Heliodoro dos Santos Baptista passe une partie de son enfance au Portugal, puis revient au Mozambique où il commence ses activités littéraires et journalistiques dans le quotidien local, Notícias da Beira[2].

Il collabore à plusieurs autres périodiques, tels que Diário de Notícias, A Tribuna dos Jovens, Voz da Zambézia, Diário de Moçambique, Domingo,Tempo, África ou Notícias[2].

Membre de l'Association des écrivains mozambicains (AEMO), il est à l'initiative de nombreux événements culturels, connus sous le nom de saraus (pt), à Beira[2].

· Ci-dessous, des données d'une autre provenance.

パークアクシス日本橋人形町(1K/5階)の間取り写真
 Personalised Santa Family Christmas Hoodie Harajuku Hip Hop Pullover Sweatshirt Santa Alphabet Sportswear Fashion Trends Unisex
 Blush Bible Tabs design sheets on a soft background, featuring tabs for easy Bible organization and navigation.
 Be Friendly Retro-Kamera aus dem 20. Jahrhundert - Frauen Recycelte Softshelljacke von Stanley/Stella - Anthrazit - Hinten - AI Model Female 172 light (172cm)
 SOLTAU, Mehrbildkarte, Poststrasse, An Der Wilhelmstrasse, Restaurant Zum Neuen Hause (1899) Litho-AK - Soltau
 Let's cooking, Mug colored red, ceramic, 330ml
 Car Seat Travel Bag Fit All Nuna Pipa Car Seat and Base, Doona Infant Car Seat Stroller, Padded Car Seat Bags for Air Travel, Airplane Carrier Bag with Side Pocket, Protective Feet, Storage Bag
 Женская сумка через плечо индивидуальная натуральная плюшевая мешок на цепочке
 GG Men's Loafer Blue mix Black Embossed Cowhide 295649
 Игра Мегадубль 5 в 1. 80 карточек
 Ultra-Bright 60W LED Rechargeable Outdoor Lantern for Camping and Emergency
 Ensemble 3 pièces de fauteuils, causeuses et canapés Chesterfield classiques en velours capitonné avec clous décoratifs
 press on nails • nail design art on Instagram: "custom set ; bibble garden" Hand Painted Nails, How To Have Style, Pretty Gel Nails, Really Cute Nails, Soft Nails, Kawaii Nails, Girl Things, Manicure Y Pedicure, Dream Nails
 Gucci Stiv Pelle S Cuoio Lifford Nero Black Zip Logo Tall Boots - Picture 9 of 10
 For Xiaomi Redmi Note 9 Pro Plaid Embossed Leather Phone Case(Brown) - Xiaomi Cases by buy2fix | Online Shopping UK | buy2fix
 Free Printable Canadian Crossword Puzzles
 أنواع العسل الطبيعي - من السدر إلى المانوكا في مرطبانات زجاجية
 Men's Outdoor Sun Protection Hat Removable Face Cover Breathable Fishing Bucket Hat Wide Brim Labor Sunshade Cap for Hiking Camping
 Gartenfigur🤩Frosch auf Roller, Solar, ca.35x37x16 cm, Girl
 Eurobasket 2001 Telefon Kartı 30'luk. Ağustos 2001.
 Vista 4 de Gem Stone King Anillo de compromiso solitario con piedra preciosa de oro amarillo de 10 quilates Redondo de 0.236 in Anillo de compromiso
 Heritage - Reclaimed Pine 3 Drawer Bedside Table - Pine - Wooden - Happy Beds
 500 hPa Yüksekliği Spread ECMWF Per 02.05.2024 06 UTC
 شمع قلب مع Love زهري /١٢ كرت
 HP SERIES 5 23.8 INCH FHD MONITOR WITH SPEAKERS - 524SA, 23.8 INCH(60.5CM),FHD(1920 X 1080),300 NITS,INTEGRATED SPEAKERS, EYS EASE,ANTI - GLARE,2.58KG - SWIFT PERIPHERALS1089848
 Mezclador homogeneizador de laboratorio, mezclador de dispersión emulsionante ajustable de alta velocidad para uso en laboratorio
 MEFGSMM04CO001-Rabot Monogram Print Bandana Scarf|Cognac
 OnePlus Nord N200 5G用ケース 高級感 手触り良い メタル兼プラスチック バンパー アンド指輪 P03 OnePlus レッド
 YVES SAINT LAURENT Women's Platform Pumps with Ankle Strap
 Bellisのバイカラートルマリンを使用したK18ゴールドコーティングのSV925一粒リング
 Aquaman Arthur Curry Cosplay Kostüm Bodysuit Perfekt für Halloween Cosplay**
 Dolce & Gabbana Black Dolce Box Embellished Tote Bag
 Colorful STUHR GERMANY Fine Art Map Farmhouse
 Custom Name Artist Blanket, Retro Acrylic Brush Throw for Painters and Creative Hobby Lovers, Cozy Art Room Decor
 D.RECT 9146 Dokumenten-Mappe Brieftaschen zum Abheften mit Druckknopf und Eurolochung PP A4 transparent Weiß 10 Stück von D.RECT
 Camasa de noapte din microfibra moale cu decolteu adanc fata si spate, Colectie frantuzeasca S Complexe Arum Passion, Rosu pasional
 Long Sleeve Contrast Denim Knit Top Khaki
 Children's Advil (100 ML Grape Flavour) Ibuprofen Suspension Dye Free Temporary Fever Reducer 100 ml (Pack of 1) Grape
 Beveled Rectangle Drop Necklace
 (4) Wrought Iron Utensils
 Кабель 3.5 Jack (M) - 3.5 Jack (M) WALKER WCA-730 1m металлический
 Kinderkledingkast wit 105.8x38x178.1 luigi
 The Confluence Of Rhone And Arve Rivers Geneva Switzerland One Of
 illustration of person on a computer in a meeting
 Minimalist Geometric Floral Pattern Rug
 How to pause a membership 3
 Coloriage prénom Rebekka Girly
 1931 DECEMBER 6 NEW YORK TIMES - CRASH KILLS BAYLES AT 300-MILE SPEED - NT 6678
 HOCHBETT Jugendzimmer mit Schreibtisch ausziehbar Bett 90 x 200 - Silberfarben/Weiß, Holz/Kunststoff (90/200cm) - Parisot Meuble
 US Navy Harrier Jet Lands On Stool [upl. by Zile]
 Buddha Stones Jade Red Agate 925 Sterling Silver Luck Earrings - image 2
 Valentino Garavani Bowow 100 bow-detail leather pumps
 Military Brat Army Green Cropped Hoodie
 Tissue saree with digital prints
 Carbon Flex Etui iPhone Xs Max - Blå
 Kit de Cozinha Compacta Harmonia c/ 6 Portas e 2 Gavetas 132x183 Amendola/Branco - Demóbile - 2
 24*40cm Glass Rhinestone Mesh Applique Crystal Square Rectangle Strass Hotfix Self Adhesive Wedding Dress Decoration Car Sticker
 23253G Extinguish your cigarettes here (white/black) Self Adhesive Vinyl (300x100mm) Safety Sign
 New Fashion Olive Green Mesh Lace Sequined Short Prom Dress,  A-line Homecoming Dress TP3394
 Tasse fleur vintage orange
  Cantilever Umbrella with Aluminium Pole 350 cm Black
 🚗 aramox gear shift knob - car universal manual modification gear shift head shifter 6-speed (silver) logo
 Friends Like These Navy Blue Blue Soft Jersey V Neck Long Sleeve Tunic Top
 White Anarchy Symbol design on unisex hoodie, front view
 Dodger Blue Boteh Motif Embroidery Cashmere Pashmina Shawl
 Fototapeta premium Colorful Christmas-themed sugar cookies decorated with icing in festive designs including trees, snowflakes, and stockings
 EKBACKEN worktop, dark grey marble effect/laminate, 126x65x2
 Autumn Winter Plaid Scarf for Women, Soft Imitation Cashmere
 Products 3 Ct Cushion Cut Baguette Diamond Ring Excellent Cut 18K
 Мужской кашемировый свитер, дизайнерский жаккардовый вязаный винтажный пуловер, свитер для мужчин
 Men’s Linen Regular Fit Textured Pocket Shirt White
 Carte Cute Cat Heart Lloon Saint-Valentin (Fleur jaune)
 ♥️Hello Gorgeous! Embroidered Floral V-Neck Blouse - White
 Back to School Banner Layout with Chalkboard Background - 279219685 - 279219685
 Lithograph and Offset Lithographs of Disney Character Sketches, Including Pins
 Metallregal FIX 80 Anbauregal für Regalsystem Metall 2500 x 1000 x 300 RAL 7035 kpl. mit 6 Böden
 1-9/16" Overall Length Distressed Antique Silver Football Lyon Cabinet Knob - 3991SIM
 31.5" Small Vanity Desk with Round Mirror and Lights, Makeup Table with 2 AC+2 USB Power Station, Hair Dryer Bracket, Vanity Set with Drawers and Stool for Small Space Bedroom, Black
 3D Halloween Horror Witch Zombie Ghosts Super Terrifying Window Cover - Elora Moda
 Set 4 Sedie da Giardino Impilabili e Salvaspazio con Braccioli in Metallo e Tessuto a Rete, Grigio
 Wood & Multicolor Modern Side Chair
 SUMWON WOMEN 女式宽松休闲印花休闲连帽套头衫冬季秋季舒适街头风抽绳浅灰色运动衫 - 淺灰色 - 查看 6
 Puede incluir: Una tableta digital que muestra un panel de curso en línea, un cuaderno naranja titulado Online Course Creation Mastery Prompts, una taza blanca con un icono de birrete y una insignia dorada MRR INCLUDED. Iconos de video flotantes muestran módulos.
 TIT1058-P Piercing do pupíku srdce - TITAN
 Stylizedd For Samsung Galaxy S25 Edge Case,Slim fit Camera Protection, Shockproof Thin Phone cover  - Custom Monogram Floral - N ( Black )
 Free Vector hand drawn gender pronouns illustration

Le 1er mai 2009, victime d'une crise cardiaque, il meurt à l'hôpital provincial de Beira, où il vivait avec sa famille[3]. Heliodoro Baptista était marié à la journaliste Celeste Mac-Arthur. Le couple avait quatre enfants[1]. Leur fils Heliodoro Baptista Jr., né en 1992, publie à son tour un premier recueil de poésie, Detalhes de uma vida de silêncio (2019[4]).

ŒuvreModifier

Selon Patrick Quillier (2011), Heliodoro Baptista fait partie, avec Luís Carlos Patraquim et Mia Couto, de cette nouvelle génération de poètes qui « prennent leur distance avec les thématiques d'exaltation patriotique et de mise en accusation du colonialisme » privilégiées par leurs prédécesseurs. Leur liberté d’expression poétique n'obéit « qu'à la rigueur esthétique de choix cohérents et réfléchis, sans pour autant mettre de côté leur esprit critique ni leurs facultés d’empathie avec les souffrances du peuple[5] », un point de vue déjà avancé par Patrick Chabal (1996), qui le décrit comme un « poète passionné », plutôt qu'« engagé ». Selon lui, Baptista, d'une voix forte et singulière, refuse toute dichotomie, politique ou littéraire, considérant que la mission du poète n'est pas de juger ou de prendre parti, mais de puiser son inspiration dans les points de vue contradictoires et le choc des cultures. Il s'agit d'écrire, et d'écrire encore, jusqu'à ce que l'écriture pose d'elle-même les fondements de l'amour et de l'espoir[6].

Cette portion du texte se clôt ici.